Hmmm....did "Rose Girl" see the messages the other woman posted on your FB wall?!


----------



## frigginlost (Oct 5, 2011)

827Aug said:


> Hmmm....did "Rose Girl" see the messages the other woman posted on your FB wall?!


That's *exactly* what I'm thinking....

dammit facebook.


----------



## 827Aug (Apr 27, 2008)

I'm thinking "Rose Girl" had feelings for you. Looks as though you blew that one.


----------



## that_girl (Jul 6, 2011)

How'd he blow it? Hanging out if hanging out. Dating is dating. He was not dating rose girl...just...being friendly  ...in a flirty way.

If she expects exclusivity from that, well, she's more drama than she's worth!


----------



## 827Aug (Apr 27, 2008)

Good grief! I have teenage daughters and know how they react to the FB drama. This sounds like one of those episodes.


----------



## raising5boyz (Nov 8, 2008)

Facebook drama......had to remove myself from facecrack! Feel left out of the loop but so peacefull!  :smthumbup:


----------



## Shooboomafoo (Mar 30, 2011)

Please send her to my facebook page


----------



## Shoeguy (Jun 23, 2011)

How old are we talking her becasue if it involves 40 year olds I'm exstatic I don't post much on Facebook. I don't need those kind of issues.


----------



## that_girl (Jul 6, 2011)

You only have FB issues if you befriend everyone and their mother LOL.

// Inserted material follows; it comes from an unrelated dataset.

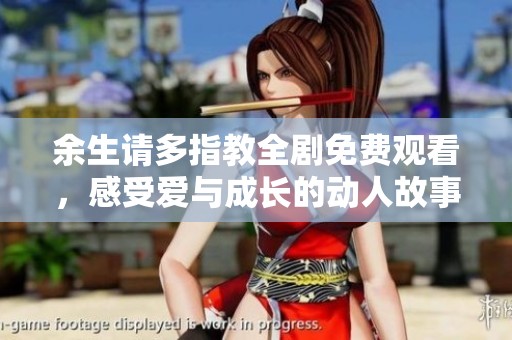 余生请多指教全剧免费观看，感受爱与成长的动人故事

If you're going to date different people, it's best you NOT add them and if you do, don't let them see your wall. Work with your privacy settings, people!!


----------



## frigginlost (Oct 5, 2011)

LOL!!

I love how this thread went! Facebook fun!

Today is a different day... Just so you folks know, "Rose Girl" has been a very close friend for roughly 7 years. Thier is a friendship bond between us, but that is all. She is married folks. 

She is acting "normal" today, so maybe a little guilt has hit her. Who knows, who cares. We talked about my new interest in life and how this new girl I am completely interested in has my mind wrapped like a pretzel.

Ahhh the fun of trying to date after so many years... 

In short, I texted to the new girl that I meant to give her a jingle yesterday but the day just went too long. Asked her to lunch. She replied that she was busy yesterday as well, and she would be in touch.

I love the non-answer answer!  She's got me wrapped and she friggin knows it!!


----------